They exist off a foundation of dancing on tables to rock and roll jams and protesting pipelines on beaches. Their love shelters my secrets, insecurities and the topics I struggle to share with anyone else.
Our relations, each of the three offering the same toasty wholesomeness of a 90s kleenex commercial and goldendoodle Facebook gallery, are sacred. They have traced me to blossom into a woman who trusts the will of higher powers, dives off of boating docks and dances through the street on bare feet.
This is my token of gratitude to my favorite grandmas: Rhonda, Nancy and Rhonda (yes, there are two Rhonda’s).
My Appalachian Trail Buddy
I often think about running away to live my days out in the wilderness-but I would only want to do so with you at my side. We will climb up the majestic cliffs and rock formations of Yosemite National Park and befriend black bears in the Great Smoky Mountains. We will read paperback novels in the Arizona deserts and eat Chick-Fil-A as we cruised the road in your Honda vehicle.

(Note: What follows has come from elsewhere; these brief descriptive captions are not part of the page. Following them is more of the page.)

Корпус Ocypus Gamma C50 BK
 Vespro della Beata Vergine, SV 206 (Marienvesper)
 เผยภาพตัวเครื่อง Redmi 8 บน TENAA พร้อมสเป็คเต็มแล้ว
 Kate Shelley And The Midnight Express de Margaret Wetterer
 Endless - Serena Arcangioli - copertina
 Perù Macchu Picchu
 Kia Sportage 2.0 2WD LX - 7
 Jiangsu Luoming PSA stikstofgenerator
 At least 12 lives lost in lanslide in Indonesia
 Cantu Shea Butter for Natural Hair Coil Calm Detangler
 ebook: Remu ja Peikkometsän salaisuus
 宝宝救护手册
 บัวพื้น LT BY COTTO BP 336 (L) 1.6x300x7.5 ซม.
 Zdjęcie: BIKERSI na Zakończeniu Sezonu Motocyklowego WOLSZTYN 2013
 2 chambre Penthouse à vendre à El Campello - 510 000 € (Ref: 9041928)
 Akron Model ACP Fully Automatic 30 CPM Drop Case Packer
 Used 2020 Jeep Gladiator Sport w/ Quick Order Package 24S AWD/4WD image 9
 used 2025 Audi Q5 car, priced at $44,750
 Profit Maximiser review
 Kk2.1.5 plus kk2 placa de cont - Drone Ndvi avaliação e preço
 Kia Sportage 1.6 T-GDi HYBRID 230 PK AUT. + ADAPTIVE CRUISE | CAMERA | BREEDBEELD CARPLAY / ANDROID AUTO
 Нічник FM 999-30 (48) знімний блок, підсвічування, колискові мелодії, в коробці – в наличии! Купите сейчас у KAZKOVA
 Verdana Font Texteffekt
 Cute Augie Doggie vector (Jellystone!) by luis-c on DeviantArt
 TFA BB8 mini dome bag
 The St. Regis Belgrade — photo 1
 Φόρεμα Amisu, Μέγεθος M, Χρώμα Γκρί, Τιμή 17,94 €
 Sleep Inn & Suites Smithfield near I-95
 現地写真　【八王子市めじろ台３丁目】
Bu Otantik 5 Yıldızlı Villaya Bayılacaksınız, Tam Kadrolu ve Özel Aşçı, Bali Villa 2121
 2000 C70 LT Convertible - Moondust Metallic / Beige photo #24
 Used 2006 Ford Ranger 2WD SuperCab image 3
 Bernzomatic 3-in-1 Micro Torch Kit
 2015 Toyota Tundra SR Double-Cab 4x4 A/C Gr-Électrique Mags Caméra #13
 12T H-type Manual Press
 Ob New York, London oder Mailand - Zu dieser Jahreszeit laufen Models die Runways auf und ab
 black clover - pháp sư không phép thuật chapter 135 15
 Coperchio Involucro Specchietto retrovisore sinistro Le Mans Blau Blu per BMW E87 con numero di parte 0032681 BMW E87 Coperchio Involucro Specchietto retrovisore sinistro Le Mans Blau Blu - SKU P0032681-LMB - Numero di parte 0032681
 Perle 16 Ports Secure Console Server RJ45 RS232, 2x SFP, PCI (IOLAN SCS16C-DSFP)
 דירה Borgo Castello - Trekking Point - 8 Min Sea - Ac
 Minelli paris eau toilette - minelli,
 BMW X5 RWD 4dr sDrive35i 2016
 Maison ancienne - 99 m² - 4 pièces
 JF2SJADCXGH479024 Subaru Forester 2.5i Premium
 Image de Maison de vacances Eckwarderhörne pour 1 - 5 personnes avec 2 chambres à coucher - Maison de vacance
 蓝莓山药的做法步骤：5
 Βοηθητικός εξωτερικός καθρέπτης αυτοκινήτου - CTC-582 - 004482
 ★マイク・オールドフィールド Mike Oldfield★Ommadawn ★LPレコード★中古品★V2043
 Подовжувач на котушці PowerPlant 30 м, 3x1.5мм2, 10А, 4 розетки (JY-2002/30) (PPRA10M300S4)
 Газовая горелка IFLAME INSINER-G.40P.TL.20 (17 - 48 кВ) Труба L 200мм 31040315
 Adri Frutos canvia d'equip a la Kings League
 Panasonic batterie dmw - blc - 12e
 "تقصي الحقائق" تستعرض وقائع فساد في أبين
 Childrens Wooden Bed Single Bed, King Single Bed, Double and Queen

You were the woman who taught me to cherish the Earth and to allow dirt paths and the forest to be my true guides. You opened my eyes to a spiritual realm, where the mountains and the trees offer knowledge and wisdom. Together, we made plans to dive into untouched terrains, and to replace worry with the sensation of pure awe and wonder.
Photo Courtesy of Robert Bruning
My Ocean Queen
Together, we share the same wavy and untameable hair, a preference for hot weather and an out-of-control dolphin obsession.
You raised me in a realm composed of shimmering waves and a fondness of burnt skin.
We dream of undersea paradises and wear tropical prints with bronze bracelets anchored by starfish charms.
My favorite memories include you attempting to maintain my hair with a silver, antique brush we titled “my princess brush.” During each session, you referred to me as a wild woman with the aura of a chaotic tsunami. As you attempted to untangle my abundance of tangles and knots, you taught me to overlook the love of foolish boys, celebrate my wildness and that I could be a real life mermaid.
My Barefoot Hippie
During a Fourth of July pig roast, you celebrated our country’s birthday by burning your bra in a gigantic fire pit.
You’re frequently frolicking through the yard with bare feet and long, flowing sundresses I am always trying to steal from your closet.
You thrive in chaotic messes and on sticky dance floors, with a vibrant soul completely enveloped by your own love for life.
When I was younger, I was often baffled by the lengths of your liberation and unapologetic glow. You would sing to America’s “A Horse With No Name” as though you were on stage at Woodstock, and twirl on the Thanksgiving table as though you were the queen of a untraditional nightclub. You live a life genuinely free spirited and untouchable by society’s cloudiness.
But as you flourish, I follow your lead. You have inspired me to be the carefree dandelion I am always aspiring to be-and I can never thank you enough for that.